**TASK GOAL**
Write out the lines of the material below exactly, beginning at the line with "CR1639 - Marianne" and stopping after the line with "พรมห้องน้ำ HOME LIVING", and leave out the pictures.

**SUPPLIED DATA**
%%

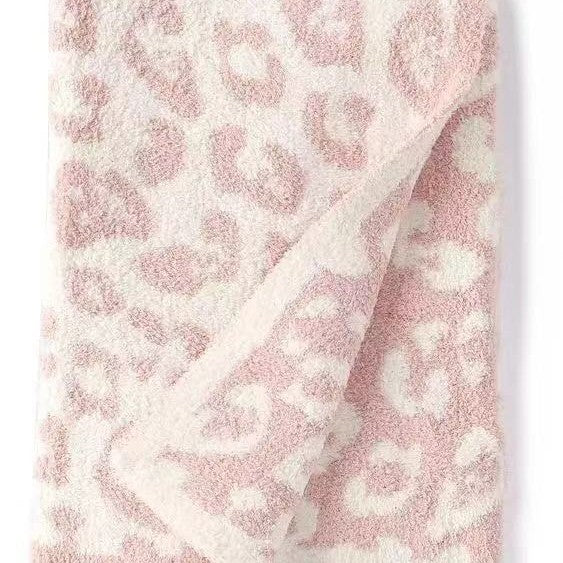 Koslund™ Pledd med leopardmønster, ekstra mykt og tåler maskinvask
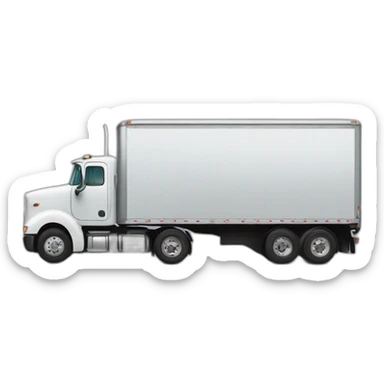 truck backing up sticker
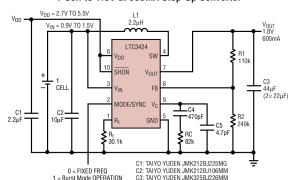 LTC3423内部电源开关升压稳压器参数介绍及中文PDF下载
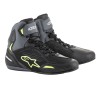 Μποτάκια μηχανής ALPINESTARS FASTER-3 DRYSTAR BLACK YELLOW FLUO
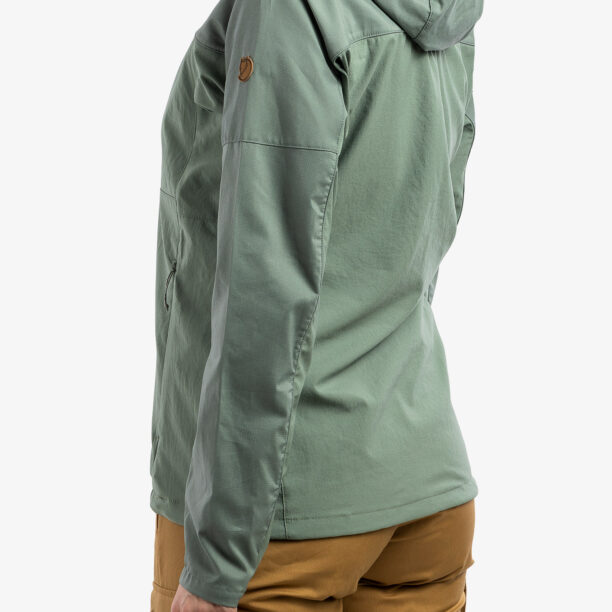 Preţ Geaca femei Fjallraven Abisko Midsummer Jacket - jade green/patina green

%%
%%

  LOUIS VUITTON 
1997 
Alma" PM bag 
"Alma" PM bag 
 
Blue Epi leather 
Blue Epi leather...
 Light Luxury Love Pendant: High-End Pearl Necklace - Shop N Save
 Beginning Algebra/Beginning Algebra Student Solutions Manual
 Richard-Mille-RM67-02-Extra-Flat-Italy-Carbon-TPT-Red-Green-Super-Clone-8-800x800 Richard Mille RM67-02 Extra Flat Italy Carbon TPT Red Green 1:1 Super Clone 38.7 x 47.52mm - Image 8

%%
%%

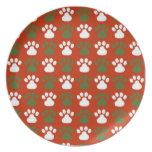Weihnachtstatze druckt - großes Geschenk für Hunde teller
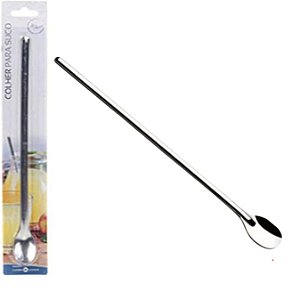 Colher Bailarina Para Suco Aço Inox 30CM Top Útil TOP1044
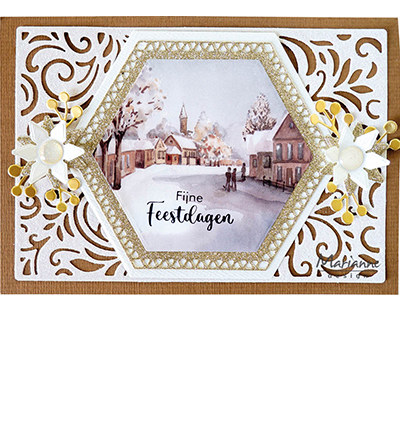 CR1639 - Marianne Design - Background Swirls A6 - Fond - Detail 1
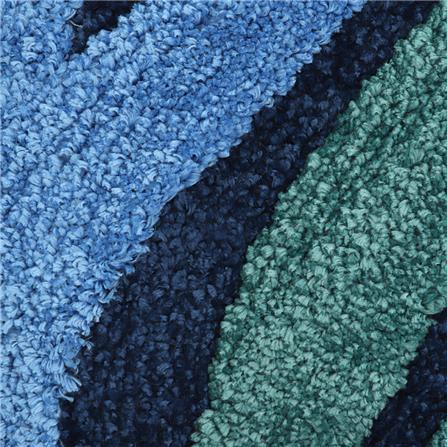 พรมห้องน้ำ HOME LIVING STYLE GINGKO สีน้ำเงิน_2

%%

**TASK SOLUTION**
 CR1639 - Marianne Design - Background Swirls A6 - Fond - Detail 1
 พรมห้องน้ำ HOME LIVING STYLE GINGKO สีน้ำเงิน_2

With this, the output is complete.